Dana Gardner's BriefingsDirect: Expert Chat on how HP ecosystem provides holistic support for VMware virtualized IT environments

Listen to the podcast. Find it on iTunes/iPod. Read a full transcript or download a copy. Sponsor: HP.

Redefine the potential of your virtualization investments.

View the full Expert Chat presentation on VMware support best practices.

Advanced and pervasive virtualization and cloud computing trends are driving the need for a better, holistic approach to IT support and remediation.

And while the technology to support and fix virtualized environments is essential, it’s the people, skills, and knowledge to manage these systems that provide the most decisive determinants of ongoing performance success.

In a special BriefingsDirect sponsored podcast, created from a recent HP Expert Chat discussion on best practices for VMware environment support, HP experts explain how they have made the service and support of global virtualization market leader VMware a top priority.

For example, Cindy Manderson, Technical Solutions Consultant for Complex Problem Resolution and Quality for VMware Products at HP, provides case studies for how managed escalation and multi-vendor support around the globe can reduce downtime by 70 percent, with large ROI benefits as well.

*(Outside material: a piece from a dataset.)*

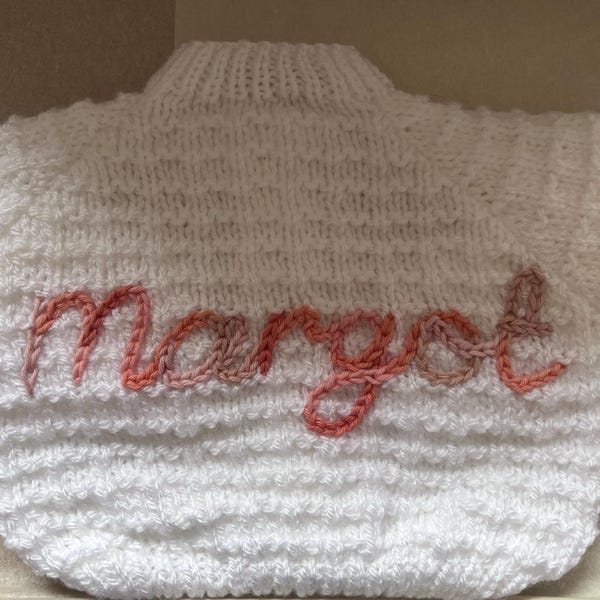 Personalised baby cardigan hand knitted for newborn baby hand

Other HP experts in the discussion include Pat Lampert, Critical Service Senior Technical Account Manager and Team Leader, as well as Sumithra Reddy, HP Virtualization Engineer. The discussion is moderated by Dana Gardner, Principal Analyst at Interarbor Solutions. [Disclosure: HP and VMware are both sponsors of BriefingsDirect podcasts.]

Here are some excerpts:

Gardner: Virtualization isn’t just server-by-server, but really impacts the entire data center. You need to think about it more holistically, particularly in regard to things like security, performance and how your brands and businesses are perceived across the globe. Many of the companies that I deal with day in and day out are up at 80 percent and even 90 percent virtualized.

When they think about virtualization, they go beyond just server virtualization. It’s really now looking at storage, applications, networks and even the end-user desktop experience, or desktop as a service (VDI).

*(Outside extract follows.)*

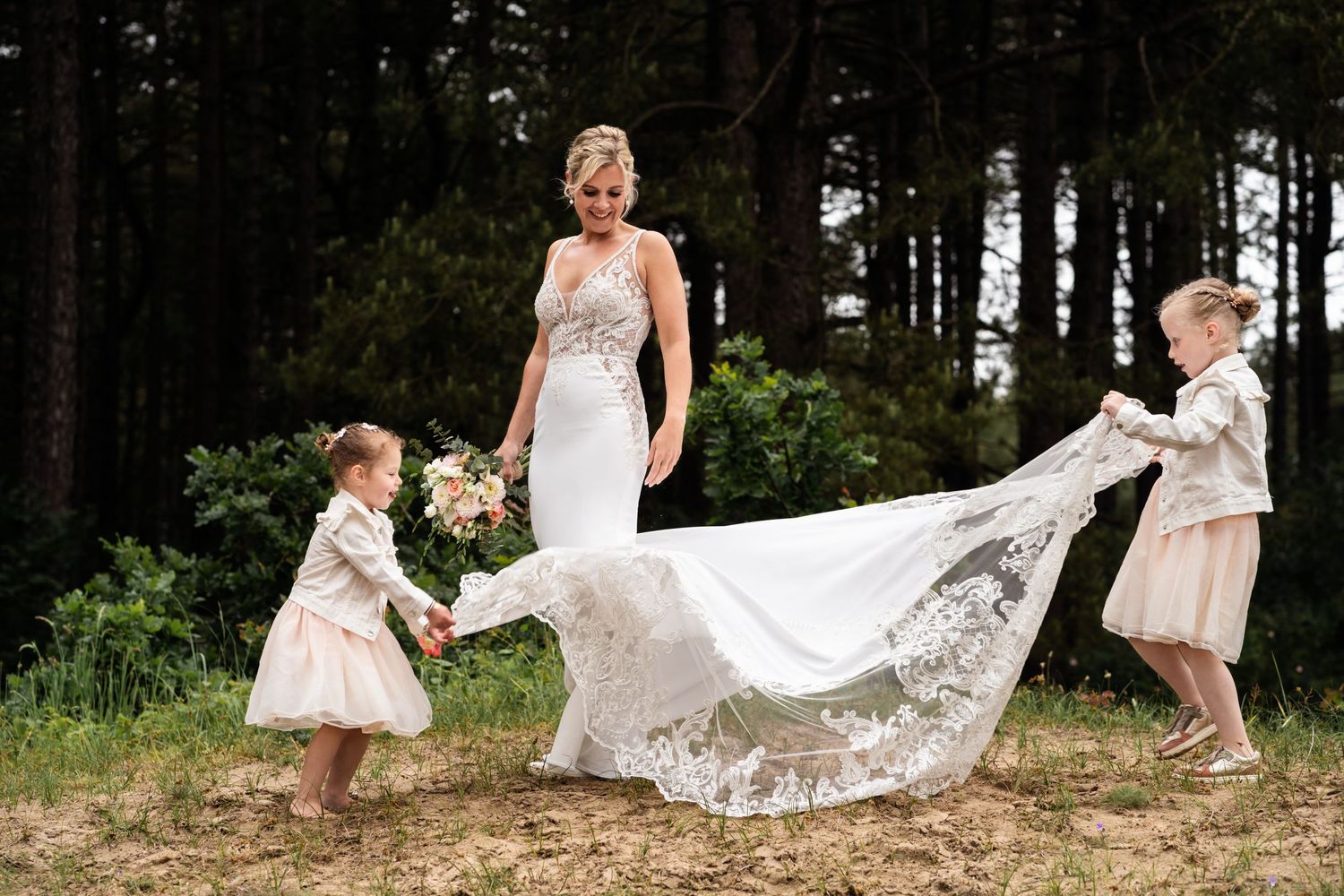 A lace wedding dress train is playfully held by two young children in white outfits against a wooded forest backdrop.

Successful virtualization is no longer just about servers, it’s about managing complexity when you get beyond the 20 percent or 30 percent level and expand into converged infrastructure virtualization without failures.

So how to take advantage of the best things about virtualization? Part of that means allowing your IT team to have access to other experienced support teams, from HP and VMware, around the world, 24×7, to help keep systems up and running. Such support also allows your IT team to progress, to learn as they go, and to be able to take advantage of more virtualization benefits over time.

Expert panel

So how do you go about attaining such benefits? How do you keep the positive side of virtualization on track? And how do you put in place an insurance policy around service and support?

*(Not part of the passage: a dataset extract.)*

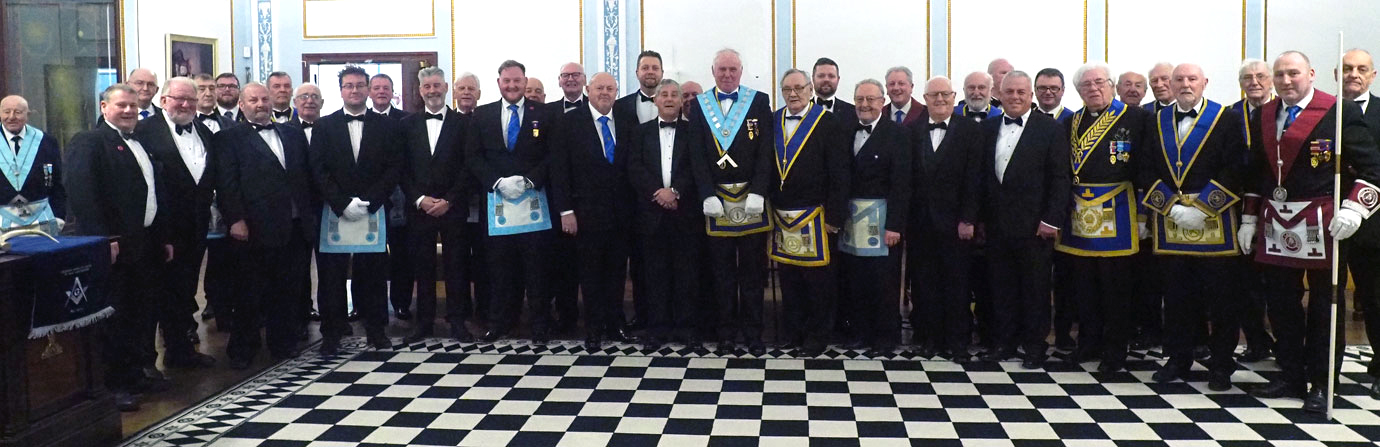 Ian Heyes (centre) surrounded by the members of the lodge.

Manderson: We have several different packages. Our highest level is the mission-critical. In this particular process, you're assigned a team that are across the technology that you have in your environment. But you also get a set of folks who would actually look at not just the reactive support and even some of the proactive, but how actually your entire business is running according to the ITIL standard.

That is coupled with keeping you up and running, and we also can work with you on a type that would be best suited for your environment.

Our critical and independent support includes onsite resources from HP that also include a lot of proactive support. In addition, they're more focused on specific management, but that would be more of an ITSM technology. We can look at that for you.

... We also have the hardware and software support. One of the cool things we have with our hardware support is support automation, our Insight for remote support. That can notify HP that you're having a disk drive failure. Or we will call you and say that we know that disk drive is failing, or something on a buffer server and storage is about to.

You can even take that a step further to look inside at the Windows operating system. We're hardware agnostic on that operating system. We don't care about the vendor -- and I believe we are looking at expanding that automation to other operating systems. We have installation and startup services that we can actually go out and set up and configure the hardware and software at a site.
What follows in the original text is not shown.